Передняя дверь открылась первой, на землю легко спрыгнул широкоплечий мужчина, открыл заднюю дверь. Лениво и важно, можно сказать, не выпрыгнул, а сошел на грешную землю Геннадий Павлович Барановский. Он был все в том же светлом плаще, на голове шляпа, поблескивали очки в золотой оправе, во рту дымилась сигарета, совсем недавно зажженная.
Он небрежно посмотрел на окна, а затем так же нехотя взмахнул левой рукой, давая знать своим охранникам, чтобы те оставались в машине.
Адам Михайлович подошел к двери и сбросил щеколду. Затем толкнул дверь коленом. Он предстал перед Барановским с окровавленными руками, вспотевшим лицом, прилипшими ко лбу редкими седыми волосами. Он был небрит, глубоко посаженные глаза бегали.
— Ба, в каком виде, Адам Михайлович, — не произнес, а проворковал Барановский.

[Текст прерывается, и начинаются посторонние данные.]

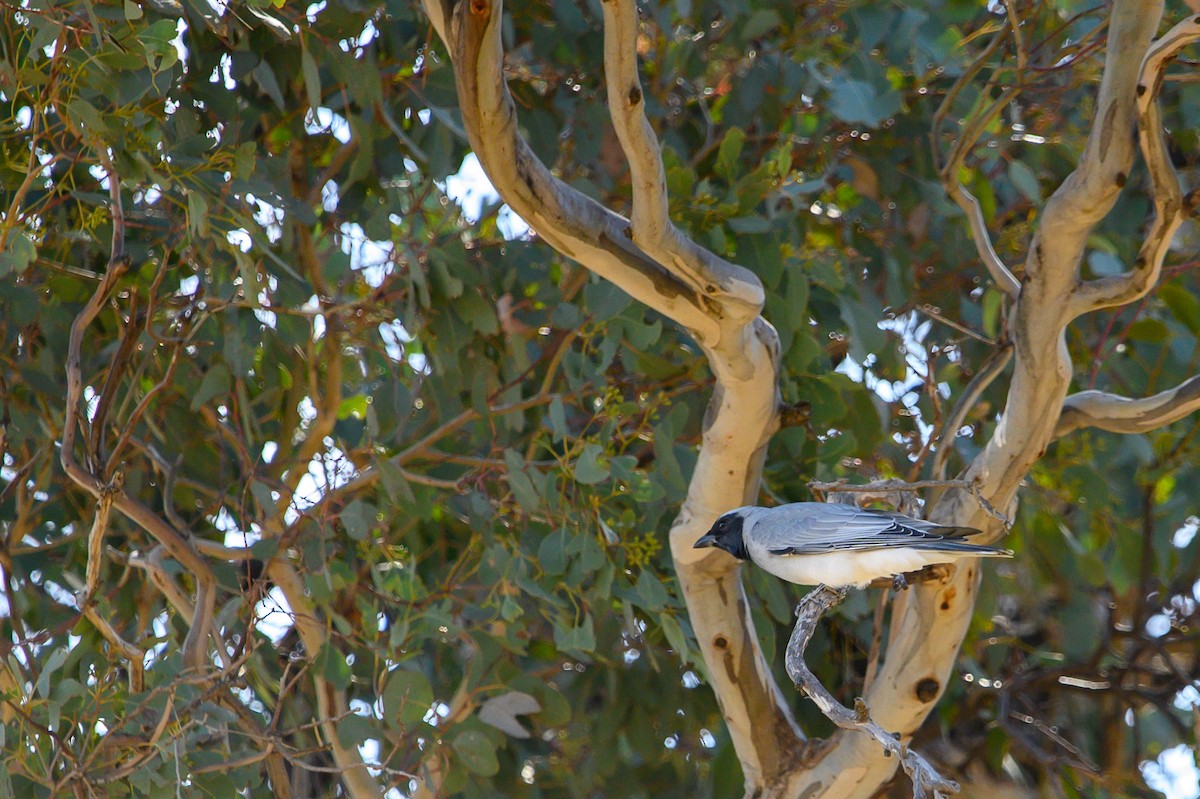 Black-faced Cuckooshrike - ML623730319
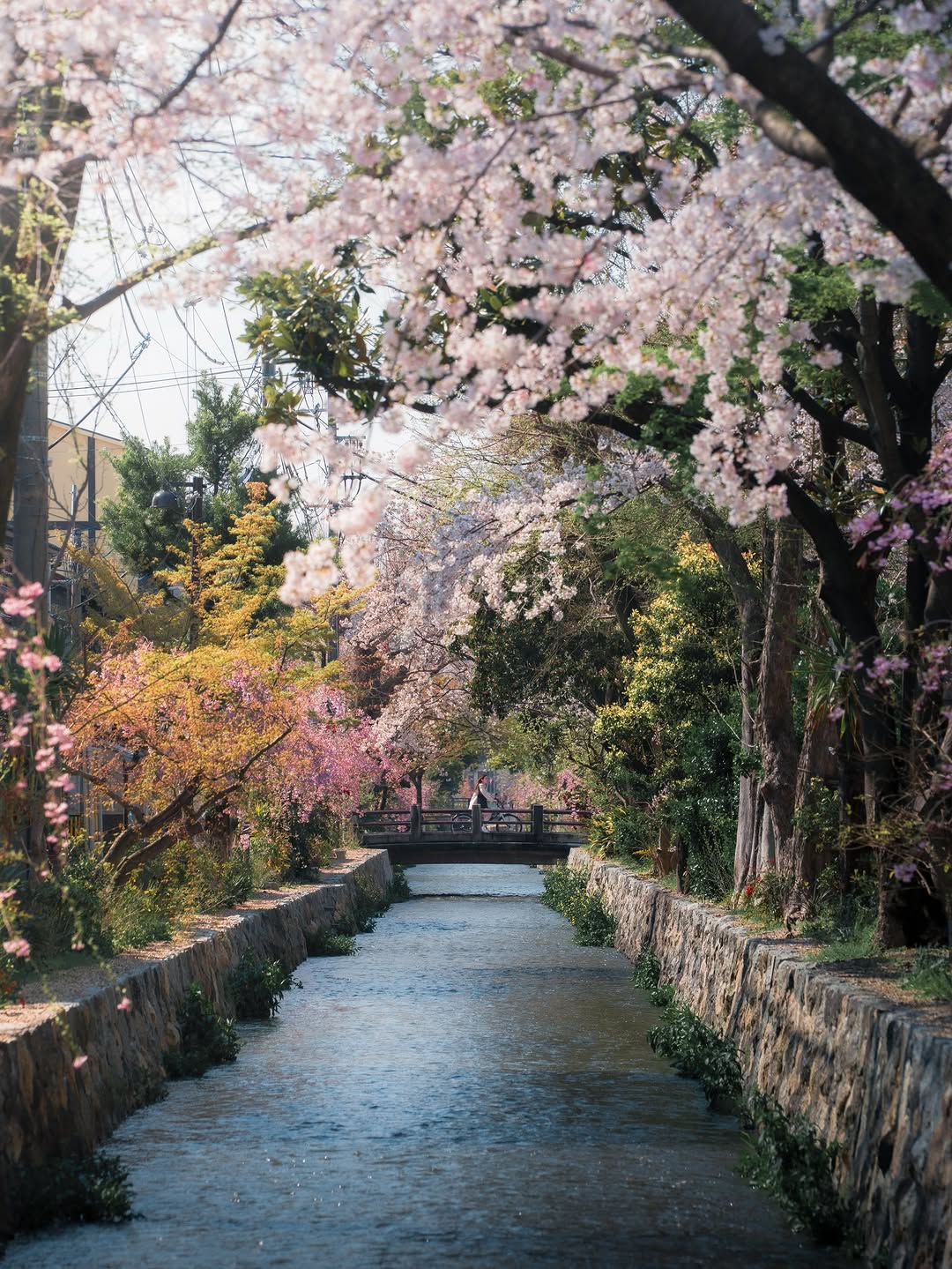 Kyoto's Cherry Blossoms Along Rivers and Bridge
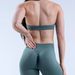 Women's Clothing High Elastic Ultra Fine Matte Nylon Halter Neck Seamless Sports Bra Backless Shockproof Yoga Bra_ecoleips.com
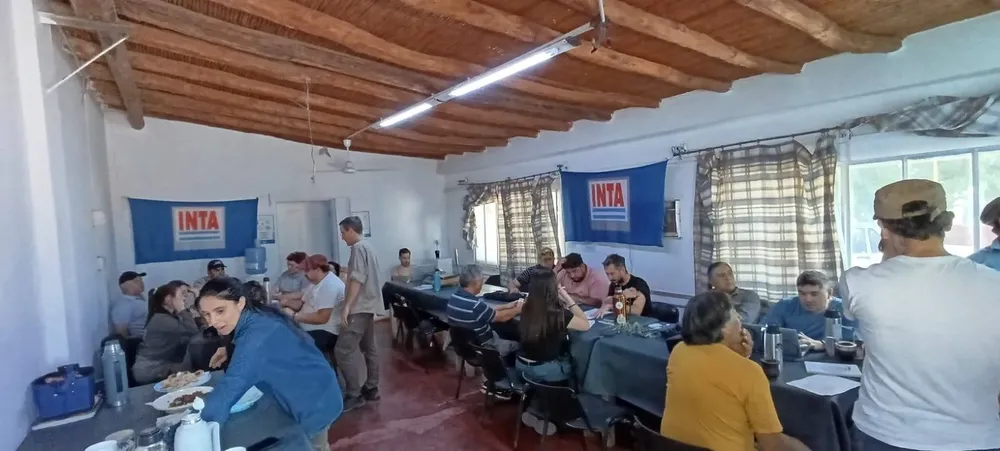 586426793_1253328916825468_4927226873098321476_n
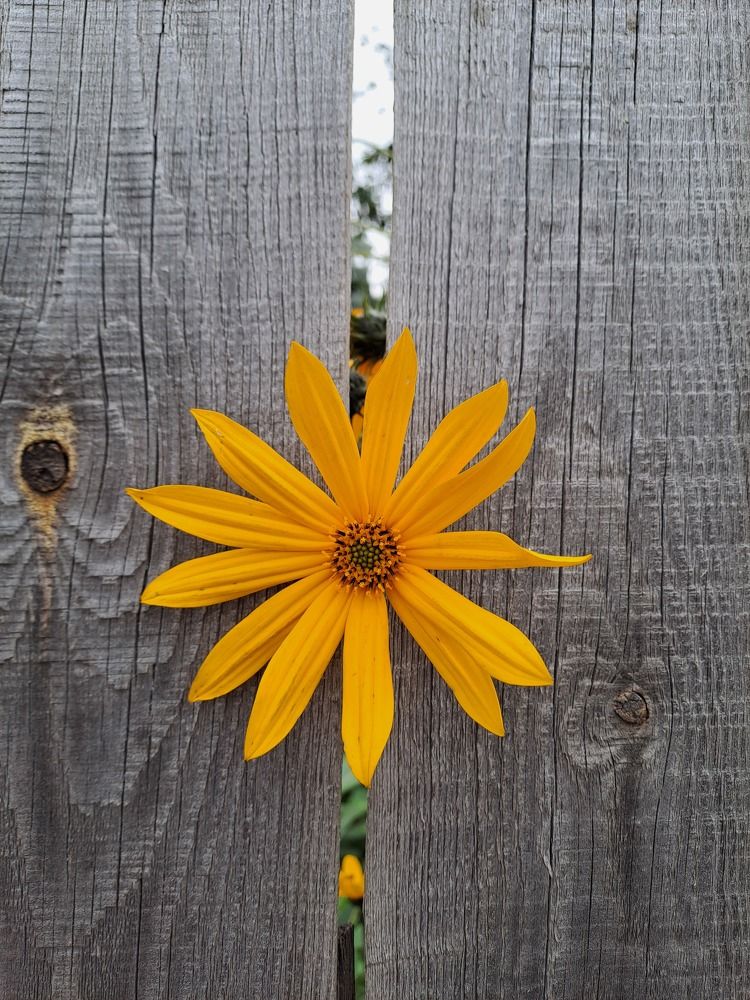 Photograph by Ирина Ахметова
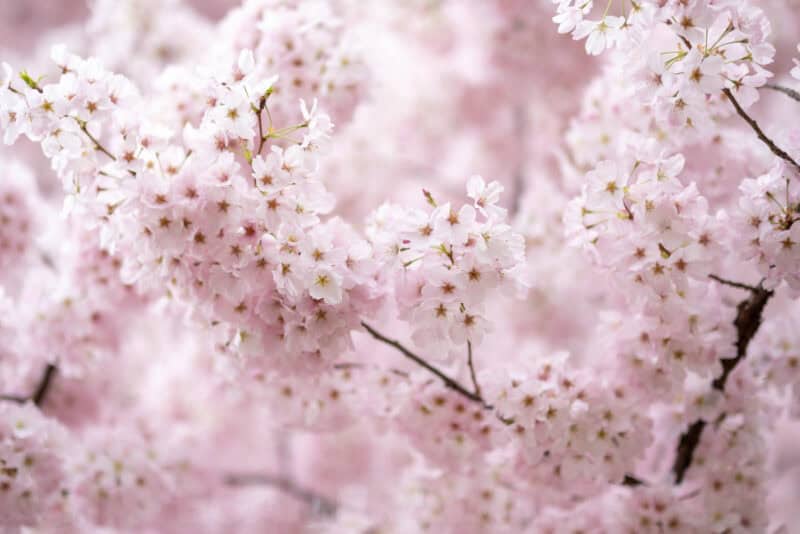 Dense cluster of pale pink cherry blossoms filling the frame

— В каком застал, в таком и есть. К твоей встрече, Геннадий, я не готовился, вот рыбу чищу, — поигрывая ножом с тяжелым лезвием, на котором налипла и серебрилась чешуя леща — крупная, с ноготь большого пальца, произнес Самусев.
— Я уж думал, ты коробки готовишь.
— Какие коробки? — спросил Адам Михайлович.
— Деньги складывать.
— Деньги мне, Геннадий Павлович, абсолютно ни к чему, ты уж мне поверь. Я свое отжил, отгулял.
— Не понял, — насторожился Барановский.
— Ты проходи в дом, что ж на крыльце стоять, как часовому!
Барановский вошел. Выбрал стул почище и устроился у окошка так, чтобы видеть свой автомобиль. Шторку он отдернул, сделал это брезгливо, хотя и пытался скрыть свои чувства.
— Я что‑то тебя не понял, Адам Михайлович. По–моему, я выразился яснее ясного.
— Не нужны мне деньги.
— Твои слова следует понимать, что и металл ты мне не отдашь? — с придыханием, волнуясь и уже даже не пытаясь этого скрыть, сцепив пальцы, выдавил из себя Барановский.
— Почему не отдам, отдам. На тот свет я его не заберу. К чему мне металл в гробу, а, Геннадий?
— Это точно, металл тебе в гробу не нужен.